Yapese language
From Wikipedia, the free encyclopedia
Yapese | ||
---|---|---|
Spoken in: | Federated States of Micronesia | |
Region: | Island of Yap | |
Total speakers: | 6,600 | |
Language family: | Austronesian Malayo-Polynesian (MP) Nuclear MP Central-Eastern MP Eastern MP Oceanic Admiralties? Yapese |
|
Language codes | ||
ISO 639-1: | none | |
ISO 639-2: | yap | |
ISO 639-3: | yap
|
Yapese is a language spoken by 6,600 people on the island of Yap (Federated States of Micronesia).
It belongs to the Austronesian languages, more specifically to the Oceanic languages. It has been suggested that Yapese may be one of the Admiralty Island languages, though Ethnologue lists it as a language isolate within the Oceanic languages.
The glottal stop is a leading feature of Yapese. Words beginning with a vowel letter (with a few grammatical exceptions) begin with a glottal stop. Adjacent vowels have the glottal stop between them. There are many word-final glottal stops.

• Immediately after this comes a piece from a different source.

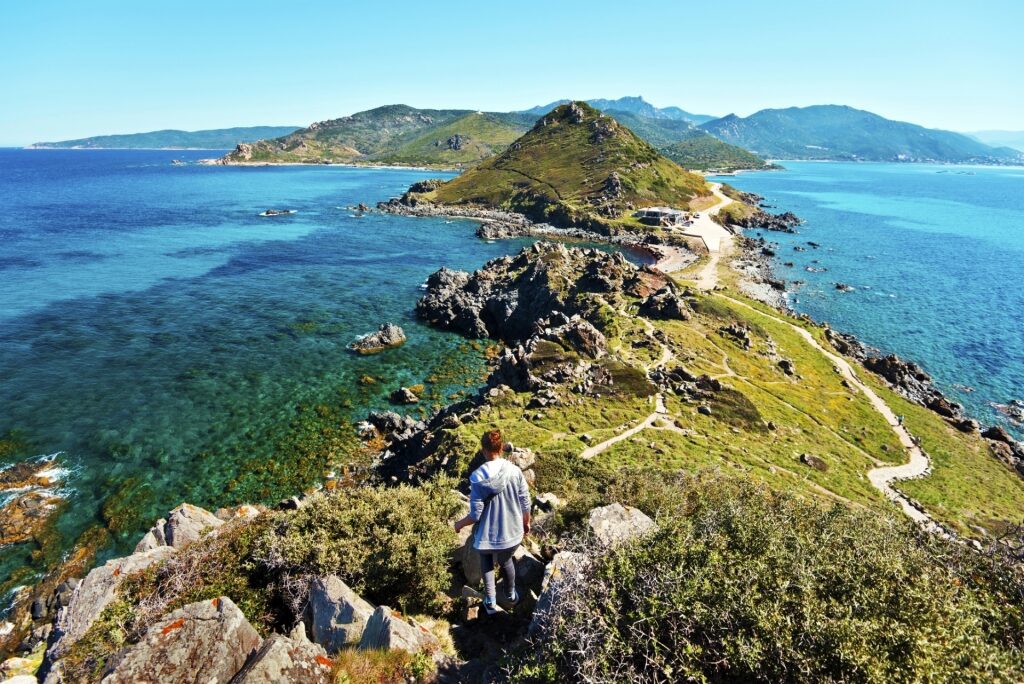 Woman walking down Parata Point in Corsica, France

Written Yapese uses Latin script. In Yapese spelling as practised until the 1970's, the glottal stop was not written with an explicit character. A word-final glottal stop was represented by doubling the final vowel letter. Glottalisation of consonants was represented with an apostrophe. In the 1970's an orthography was created which uses double vowel letters to represent long vowels; and because of the ambiguity that would occur if the glottal stop was not written, the glottal stop was written with the letter 'q'. This new orthography using the letter 'q' is not universally in use, but many works and maps about Yap represent place names using the orthography and contain amounts of the letter 'q' that are likely to be puzzling to persons not familiar with the language and the new orthography.